In a world where the model held perfectly, and $\mu$ and $\sigma$ were known to all investors, and investors are risk-neutral, then this equation would hold. More generally you could have $$ \mu = r + \tfrac{1}{2}\lambda \sigma^2 $$ where $\lambda$ is the market price of risk. If $\lambda>1$ then investors are risk-averse i.e. they demand to be compensated with additional return for bearing risk. If $\lambda<1$ then investors are risk-seeking. A more sophisticated model is the capital asset pricing model (CAPM) which incorporates covariance with the market as an additional source of risk. Note that the CAPM is itself seen as a very simplistic and naive model of asset returns.



Why should the fair value of an option be arrived at by assuming $\mu=r$ but still assuming $\sigma\neq 0$?

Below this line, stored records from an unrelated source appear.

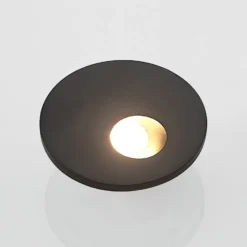 Arcchio Lámpara empotrable LED Vexi, Ø 7,5 cm, negro, aluminio, CCT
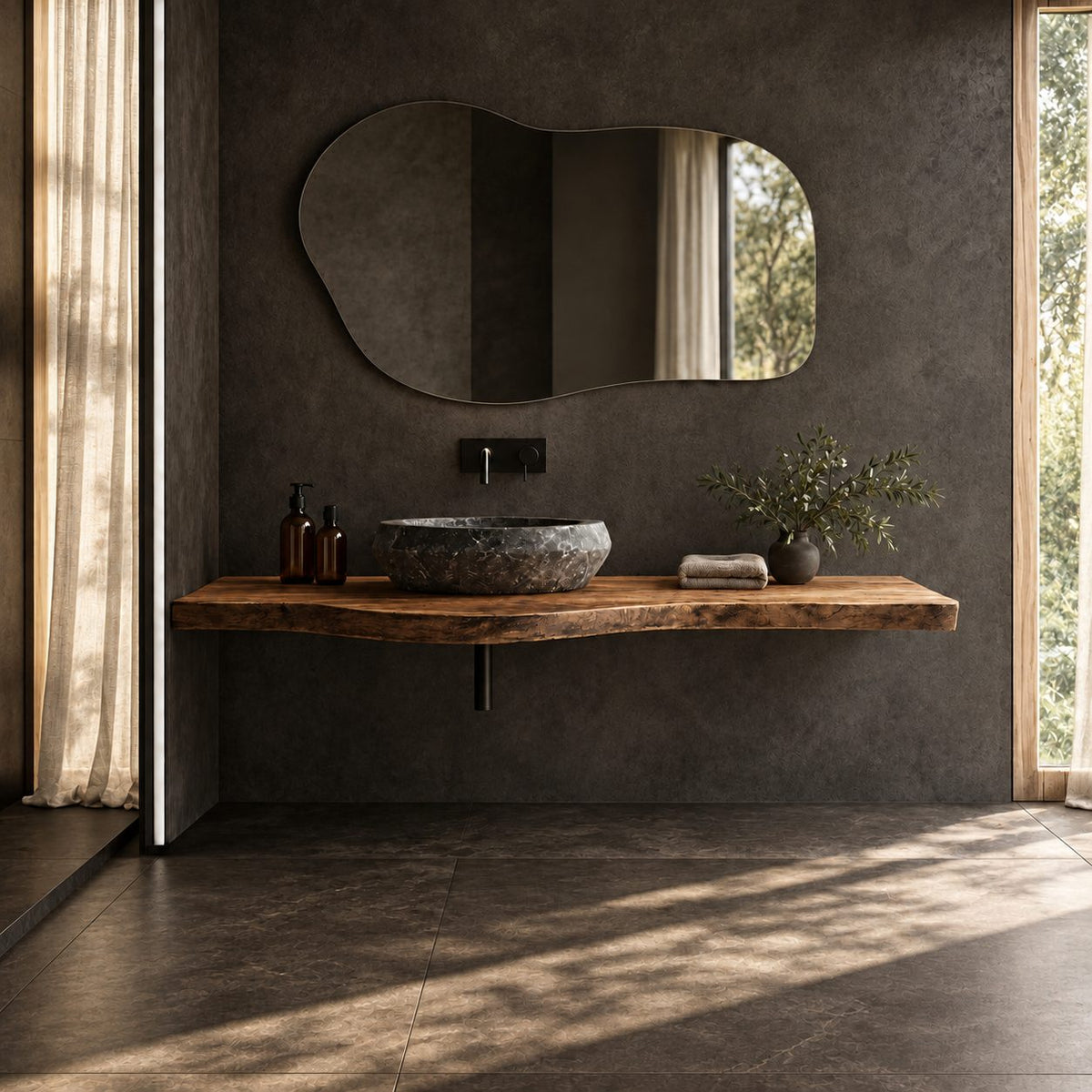 Sleek Floating Bathroom Vanity Counter With Soft Live Edge Front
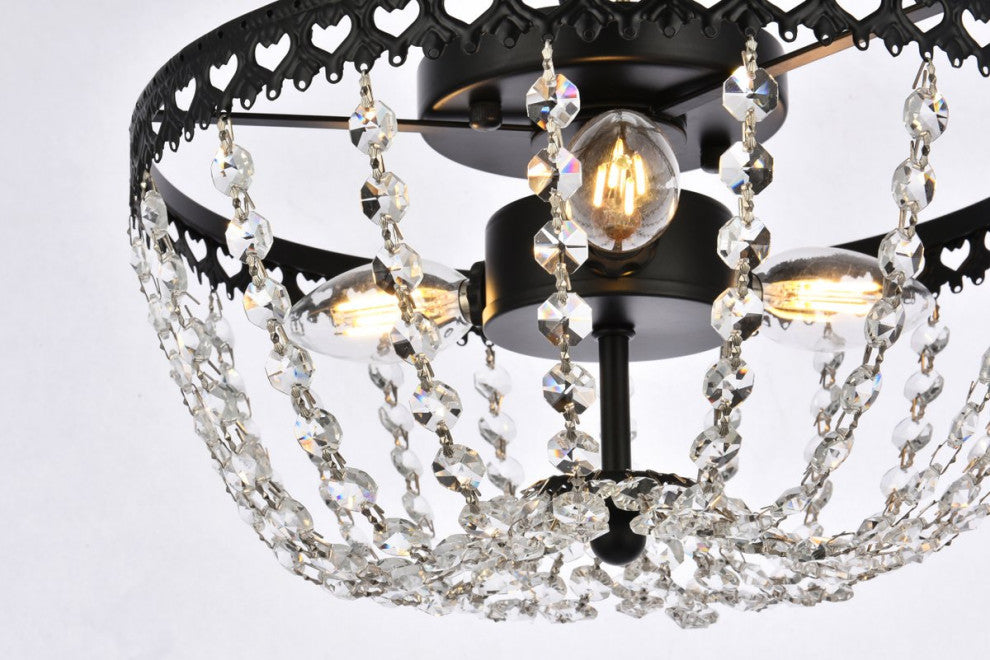 Kaine 14" Flush Mount, Black
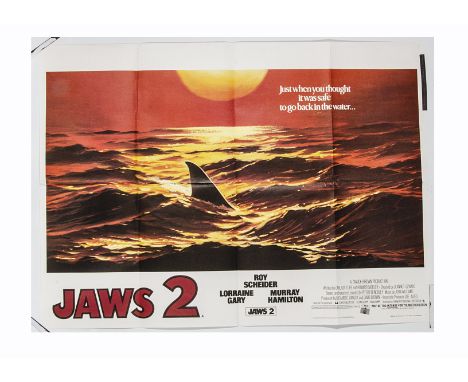 Jaws 2 (1978) UK Quad poster, this being a Style-B first release poster for the first of the "Jaws" sequels. Poster looks unu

The argument that leads to the Black-Scholes option pricing formula is a dynamic hedging argument. By following a particular trading strategy (i.e. buying and selling the stock in specified amounts) the investor can replicate the payout of a call or put option. Therefore, the price of the option must be equal to the cost of implementing this trading strategy (following the law of one price).


To determine the cost of implementing the trading strategy (in the limit of continuous pricing) you set up a PDE, the Black-Scholes equation,


$$ V_t + rSV_S + \tfrac{1}{2}\sigma^2S^2V_{SS} = rV $$


whose solution gives the price of the option. Note that $\mu$ does not appear in this equation (it drops out due to dynamic hedging) so the price of the option cannot depend on $\mu$.


Finally, the link to expectations (and the reason you can solve for the price of the option using Monte Carlo) is provided by the Feynman-Kac formula which translates the solutions of a certain class of parabolic PDEs (of which the Black-Scholes equation is one) to expectations of a particular stochastic process. Since the Black-Scholes equation does not depend on $\mu$, we know that the stochastic process cannot depend on $\mu$ either, and in fact the stochastic process turns out to be


$$ \frac{dS_t}{S_t} = r dt + \sigma dZ_t $$



with a terminal condition specified by the payout of the option (we use a terminal condition rather than an initial condition because the Black-Scholes equation has time reversed compared to a traditional, heat-like parabolic PDE).


That's the mathematical answer. The intuitive answer is "we can hedge out all of the price movements related to the drift of the stock, therefore the price of the option can't depend on the drift".


That is, even if you had two perfectly correlated stocks with a different drift term, and you bought a call option on each of them, the options would have a different terminal value (the one with higher drift would be worth more) but the costs of dynamically hedging the stock movements for the stock with greater drift would also be higher, by an amount which exactly offsets the difference in option terminal values, so the options have the same value now.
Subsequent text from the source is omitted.